Jej ukochany kot Północek mruczał, owinięty wokół jej stóp. Zielone oczy kota migotały. Hania uniosła smyczek i zaczęła cicho grać na altówce. Jedna, pełna nadziei nuta rozbrzmiała, gdy nagle powietrze rozdarło zażarte wycie. Hania upuściła smyczek i rozejrzała się dookoła. Na drugim krańcu dachu stała wilczyca barwy zmroku oraz chłopiec kryjący się w cieniu.

Większość dzieci na widok wilczycy na dachu ogarnąłby strach. Większość dzieci zaczęłaby uciekać, krzycząc z przerażenia. Ale większość dzieci nie przyjaźniła się z Natem Nathanielsonem.

Nat to chłopiec, który mieszka na dziesiątym piętrze. Znalazł wilczycę, gdy była jeszcze szczenięciem, dał jej dom i nazwał ją Mgławica. Mgławica kochała Nata, jak gdyby byli członkami jednej watahy, a jej rozgwieżdżone oczy widziały to wszystko, czego nie dostrzegał Nat. Nie była psem przewodnikiem, stróżem ani w żadnym sensie pupilem. Była to dzika towarzyszka o sercu pełnym mądrości, w której wyciu odbijała się pełnia księżyca. Dzisiaj jednak coś ją chyba dręczyło.

Hania uniosła smyczek i zagrała trzy ostre nuty – tajny sygnał wzywający jej przyjaciół. Liście wzbiły się w powietrze i słychać było dreptanie lekkich stóp – mała, podobna do myszki dziewczynka przemknęła po dachu i objęła ramionami wilczycę.

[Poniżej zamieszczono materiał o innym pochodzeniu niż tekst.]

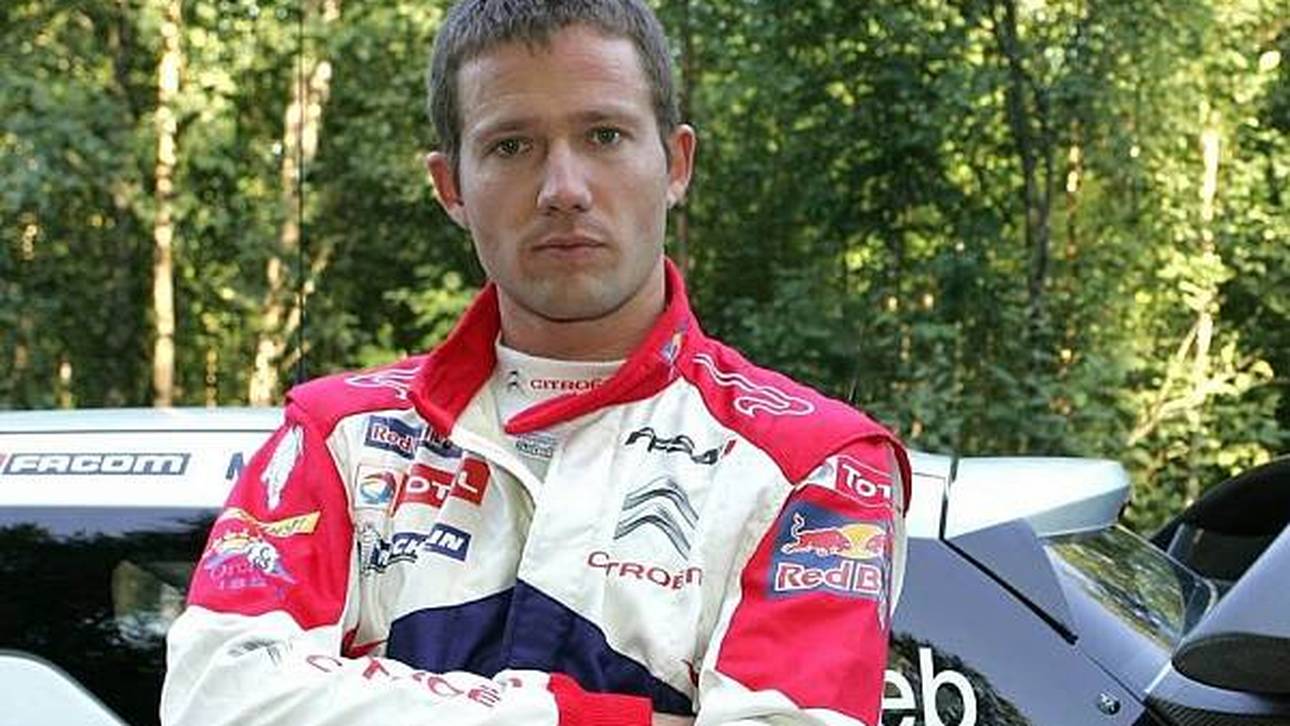 SS17: Reifenschaden bei Ogier!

– Cześć, Lizo – powiedziała Hania z uśmiechem i zmierzwiła splątane włosy dziewczynki.

Liza, która miała wielkie oczy i uwielbiała czarownice z baśni, wtuliła buzię w srebrzyste futro wilczycy, aby ją ukoić.

Po dachu odbił się echem stukot pełnych powagi kroków.

– Cześć, Ferdek! – zawołał Nat, który rozpoznał przyjaciela po dźwiękach. Ferdek, starszy brat Lizy, podszedł pospiesznie, wciąż gryzmoląc ostatnią linijkę wiersza. Owinął się ciaśniej szalem, wetknął ołówek za ucho i rzekł poważnym tonem:

– Wydaje mi się, że Mgławica wyje do czegoś na niebie.

Pozostali spojrzeli w górę, mrużąc oczy. Widzieli jednak tylko gęstniejące chmury oraz przebłyski wieczornych gwiazd.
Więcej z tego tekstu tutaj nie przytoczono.